I dedicated two years of church attendance to focusing in and only listening to harmony lines—using my time running sound to isolate the mic’d voices of tenor and alto singers and sing along with them in my headphones. In choir, I’d get stuck on Tenor II because it was most often on melody. To sing anything else, I’d have to sandwich myself between two people with stronger ears.

It wasn’t until college that I’d finally worked enough and internalized my high school choir director’s wisdom to “listen louder than you sing.” Come to think of it—using my body to make music wasn’t all that different than my experience with sports and physical activity.

I always loved and envied the grace filled movements of the athletically inclined. I always grew extremely frustrated when my father or a well-meaning friend attempted to explain the mechanics of a backhand swing, a layup, a backstroke, or a perfectly thrown spiral. I understood the physics, the mechanics, and the math of it all. I could diagram, draw, or explain the motion.

The trouble was getting the strange and squishy of my own muscles and bones to cooperate in a way that would bring beauty, rather than shame or despair, into the world.

From a young age, I’d learned that my body held secrets that it wouldn’t be safe to disclose. My secrets were too big and unwieldy for my home or my world to handle. My church pews and dinner table couldn’t bear the fleshy questions contained inside my skin. So, it was with a necrotizing guardedness that I sought to move and make music in the world.

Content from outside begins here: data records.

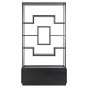 Bonvoy Black 2-Drawers Display Cabinet
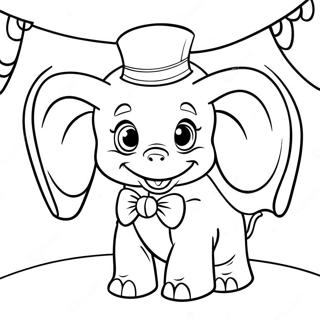 Dumbo Dragut In Circ Pagina De Colorat 52851 11560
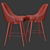 MCM Swivel Counter Stool: Stylish & Versatile 3D model small image 3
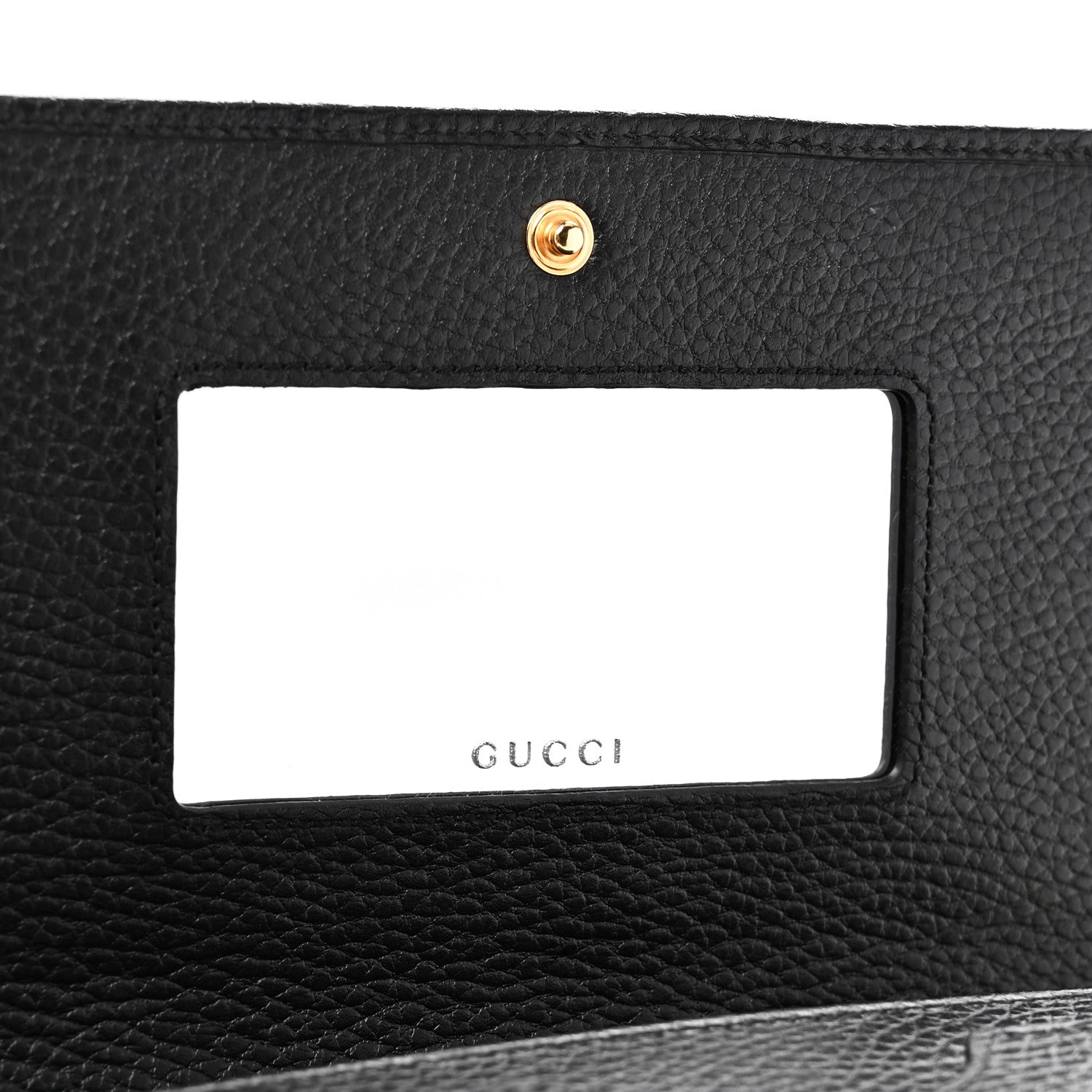 Gucci Calfskin Mini GG Marmont Chain Wallet Black 6 of 10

These things couldn’t come easy, because I knew that I couldn’t do them perfectly—not just in the sense that it took practice to learn and grow in skill, but because my intonation; the swish of my hips or wrist; the quickness of my tears might serve to unleash the secret that my body had to keep contained in order to stay safe.

So, by and large, I learned how to hide and seek in a world of words and ideas—things I could process and control how they came out. It’s much easier to vet emotion in a paragraph than in a sweaty victory dance or a raucous jam session. To allow my emotions to flow within my body might mean being seen and known; to be found out.

Two years ago during Lent, a year post-divorce and coming out to my parents, I invited friends to give me music to which I would dance. Forty days of dancing repentance. It was a continuation of a beginning of telling truth with my body; righting the world—or at least myself in the world—by living into a fragile freedom.

No one was ever born to hide inside their own skin.

Thus, I’ve not written as much here in the last several months. Instead, I’ve taken the grief and hope that wrestles in my body and I’ve sat with it in deep silence, allowing myself to feel rather than articulate what’s going on in me. And then, I’ve clumsily caught up strings and keys and fumbled my way into music that’s less pretty than it is emotionally honest. And this feels like a way forward.

When I am swept up with sorrow and desire for myself, my neighbors, my family, and the world, I have other options than to try to tell with words a way forward through the mess. Other options besides arguing or clamoring for my voice to be heard. Instead, where I feel the weight that’s sunk down like a rock in my gut, I can feel face and limb tremble, and let tears and song swell.

I needn’t fight to be understood or bury my body in a tomb of silence. Instead, out of deep soul-quiet, I can let it out—in all the imperfections—my tender trying.

It’s with our bodies, that we make and heal the world; in our practice of showing up when it doesn’t come easy just showing up in our own skin.